With Zelika's patient guidance, King George learns to read and write. His new found literacy is a blessing and a curse. He grows aware of his own ignorance, his crippled manhood, and the need to break free from the shackles of slavery. On her way back from an errand, Zelika falls into step with King George. The cadence and tenderness she sees in his features fills her with dread. This was goodbye, he was escaping into the night, hoping to join the Union army. Zelika weeps and pleads with him to stay. King George's heart swells, her tears are the push he needed to reveal his own love for her. Zelika bids him goodbye and promises to wait for him.

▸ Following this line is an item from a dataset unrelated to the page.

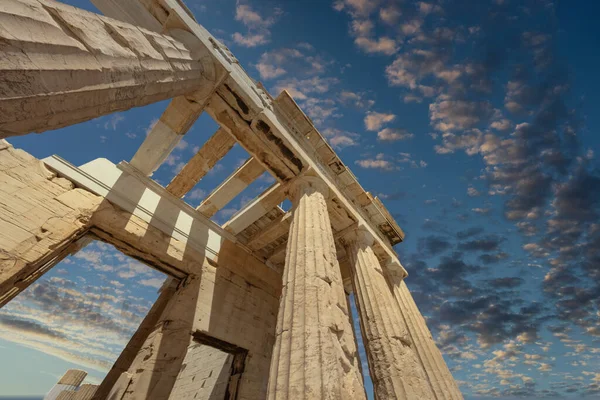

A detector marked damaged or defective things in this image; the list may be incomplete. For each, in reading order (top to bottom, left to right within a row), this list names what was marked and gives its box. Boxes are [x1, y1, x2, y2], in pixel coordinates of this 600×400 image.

As General Sherman makes his way to Atlanta, Zelika sits at her old masters deathbed. All the other slaves are long gone. Mr. Claiborne makes Zelika promise to abide by the contents of a letter he gives her. Zelika puts off reading the letter, fearing it might somehow come between her and her love. Ever day at dusk and dawn she lingers by the road, waiting for her King George to return to her. The day finally comes when she embraces her limping, one handed, starving, and exhausted George King, as is his free name. They cry in each other's arms in happiness. When they read master Claiborne's letter, it is revealed that Zelika is a Claiborne. He gives them the location of a flowerbed that sits atop buried riches that now belong to her. Zelika is elated. George King's health will be taken care of and they can live out their days together, far away from Atlanta.

==Legacy==
The all-black Victoria Earle Matthews (Mothers) Club, named after her, helped girls and women who had been sexually abused or threatened with such. Victoria Earle Matthews is also recognized by some as the first Black social worker in New York and a pioneer for the current social welfare system. Matthews is remembered with a plaque saying, "The White Rose Home" on the brownstone of her Brooklyn residence at 33 Poplar Street.